Змеился, извивался, вилял, подводил, подталкивал, вертелся юлой, нанизывался, лучше тебя самого зная тебя, ведая, что тебе надо, чутким естеством своим жажду твою ощущая. Его инстинкты были точней, замечательней и упрямей. Вводил в свою обнажённость, заводил в открытость ладоней, в пальцев своих розоватость, делился  влажностью горячих подмышек, засасывал, губами охватывая, языком направляя на скользкие пещерные стены и своды. Искусить, истомить, заманить увертюрно, не позволив до изнеможения чудом соития восхититься, чтобы, выскользнув, вдруг дерзко, джазово, саксофонно выпорхнуть из кокона бабочкой — на иглу.

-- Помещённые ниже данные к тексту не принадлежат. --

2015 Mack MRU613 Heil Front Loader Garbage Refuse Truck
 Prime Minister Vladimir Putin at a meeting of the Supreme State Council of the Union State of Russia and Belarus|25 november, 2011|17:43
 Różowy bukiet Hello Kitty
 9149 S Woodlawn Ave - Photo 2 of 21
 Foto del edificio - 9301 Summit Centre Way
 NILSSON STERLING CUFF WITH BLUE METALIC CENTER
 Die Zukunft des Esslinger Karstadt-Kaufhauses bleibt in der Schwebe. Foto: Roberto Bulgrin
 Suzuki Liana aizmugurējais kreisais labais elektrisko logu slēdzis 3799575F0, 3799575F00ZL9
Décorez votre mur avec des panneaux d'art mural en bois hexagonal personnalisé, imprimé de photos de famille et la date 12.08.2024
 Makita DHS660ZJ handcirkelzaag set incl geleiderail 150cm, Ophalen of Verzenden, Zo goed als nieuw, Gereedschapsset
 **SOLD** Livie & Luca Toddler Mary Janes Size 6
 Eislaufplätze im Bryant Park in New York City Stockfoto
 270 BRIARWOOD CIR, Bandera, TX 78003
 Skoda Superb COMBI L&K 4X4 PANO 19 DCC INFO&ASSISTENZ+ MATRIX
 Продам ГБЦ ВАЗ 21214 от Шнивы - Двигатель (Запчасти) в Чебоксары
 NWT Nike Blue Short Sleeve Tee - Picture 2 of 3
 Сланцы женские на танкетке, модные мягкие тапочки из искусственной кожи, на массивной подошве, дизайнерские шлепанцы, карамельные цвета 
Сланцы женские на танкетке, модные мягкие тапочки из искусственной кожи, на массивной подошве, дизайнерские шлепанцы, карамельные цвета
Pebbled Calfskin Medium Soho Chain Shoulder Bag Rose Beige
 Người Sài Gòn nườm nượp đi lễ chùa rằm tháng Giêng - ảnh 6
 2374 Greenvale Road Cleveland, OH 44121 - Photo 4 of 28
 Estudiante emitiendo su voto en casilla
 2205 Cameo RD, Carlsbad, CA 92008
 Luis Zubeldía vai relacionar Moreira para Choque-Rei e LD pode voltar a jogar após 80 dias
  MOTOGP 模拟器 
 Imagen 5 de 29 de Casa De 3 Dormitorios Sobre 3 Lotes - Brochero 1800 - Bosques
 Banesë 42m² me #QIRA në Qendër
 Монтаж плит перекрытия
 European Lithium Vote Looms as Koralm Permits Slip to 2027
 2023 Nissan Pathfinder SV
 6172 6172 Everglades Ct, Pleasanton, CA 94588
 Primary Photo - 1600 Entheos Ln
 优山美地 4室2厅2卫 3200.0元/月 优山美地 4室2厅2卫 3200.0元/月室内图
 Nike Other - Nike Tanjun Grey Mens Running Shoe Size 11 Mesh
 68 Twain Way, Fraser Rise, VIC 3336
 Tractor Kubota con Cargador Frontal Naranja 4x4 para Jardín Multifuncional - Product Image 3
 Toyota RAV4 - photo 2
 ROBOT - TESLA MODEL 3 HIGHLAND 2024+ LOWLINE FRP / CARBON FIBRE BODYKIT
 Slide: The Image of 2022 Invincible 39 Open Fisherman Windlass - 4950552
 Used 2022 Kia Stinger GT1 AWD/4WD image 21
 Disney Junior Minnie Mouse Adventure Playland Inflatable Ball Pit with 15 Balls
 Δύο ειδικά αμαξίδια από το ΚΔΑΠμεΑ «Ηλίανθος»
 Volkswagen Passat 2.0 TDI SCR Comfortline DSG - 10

Изогнувшись, точно и ласково направляя руками, ввинтился, под напряженной веткой с розоватой почкой свисающие плоды промелькнули, всей глубиной вобрал в себя, и мы плотью единой — я руками ветку с плодами ласкал, он мои плоды розовыми подушечками ухитрялся — до изнеможения напряжение длили, пока не задрожали — я в него, он — на траву.

Не я его, но он, чуткий волхв чернокожий, мою дрожь угадал, а может, и миг нужный назначил.

В этот четверг я добирался долго, с трудом, потратив кучу денег и времени. Чтобы время от времени сценарий писать, режиссировать, играть главную роль, вспоминая, как слизывал чёрный глянец с лунными бликами, с не мелкими плодами шаманя.

Впрочем, не верно: автор этого фильма не я. Разве что восприимчивый зритель.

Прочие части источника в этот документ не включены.